When Formula One fans around the world are asked the question “Who is the greatest of all time?” more often than not, a passionate and heated debate involving the two legendary names Michael Schumacher and Ayrton Senna is summoned from the purgatorial prison where it has dwelled for many years.
 Many Schumacher fans will argue that his number of world championships undoubtedly earns him the title whereas Senna fans feel that Senna could have gone on to win more championships and possibly prevented Schumacher from winning his two first titles in 1994 and 1995, had the 1994 tragedy at the Imola circuit not occurred. 
I would like to point out why I believe Senna is worthy of the title of Formula One’s greatest pilot of all time and welcome anyone who reads this to offer their opinions as well.
 One of the main reasons why I believe that Senna is a superior driver to Schumacher is that he built his legendary reputation during a time in Formula One where there were other drivers equally as legendary as he was. 
 To cite a few examples, I would like to bring up some all time records in Formula One all of which still stand today.
 The record for most pole positions in one season (14) was set by Nigel Mansell in 1992 during Senna’s career.

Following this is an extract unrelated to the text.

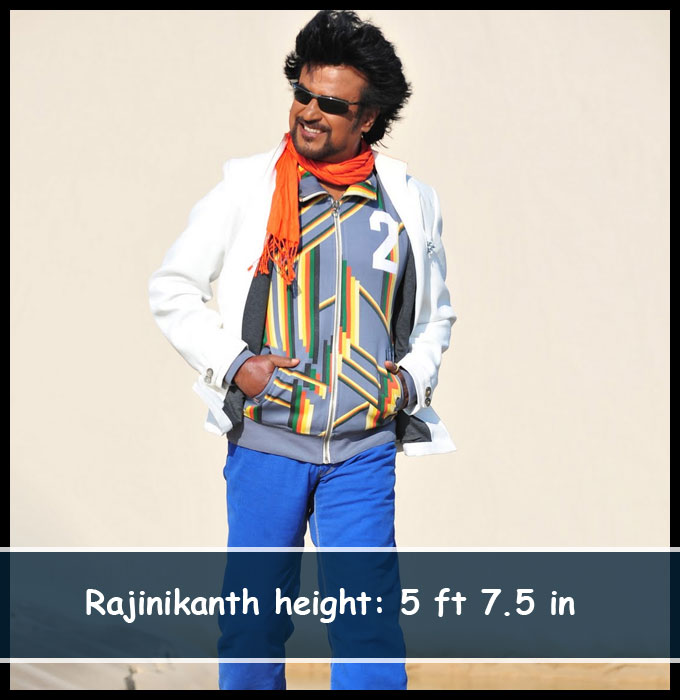 Know Your Favorite Tamil Actors Height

Mansell has won the most races out of any British Formula One driver and held the Formula One and CART world titles simultaneously, being the only driver in history to do so. There is no doubt that he was a force to be reckoned with during Senna’s time.
 Another record I would like to bring up is the most consecutive pole positions in the history of Formula One. Just behind Ayrton Senna's eight consecutive poles is Alain Prost having been on pole position seven times consecutively in 1993, also during Senna’s career.
 Alain Prost has won four world championships and was undoubtedly a huge obstacle for Senna during his career. I would also like to raise the point that Prost and Senna drove on the same team for a few years; two legends in equal machinery giving it their all trying to prevent the other from winning the title, a rivalry so fierce, encompassing so much talent that yet another all time Formula One record emerged as a result.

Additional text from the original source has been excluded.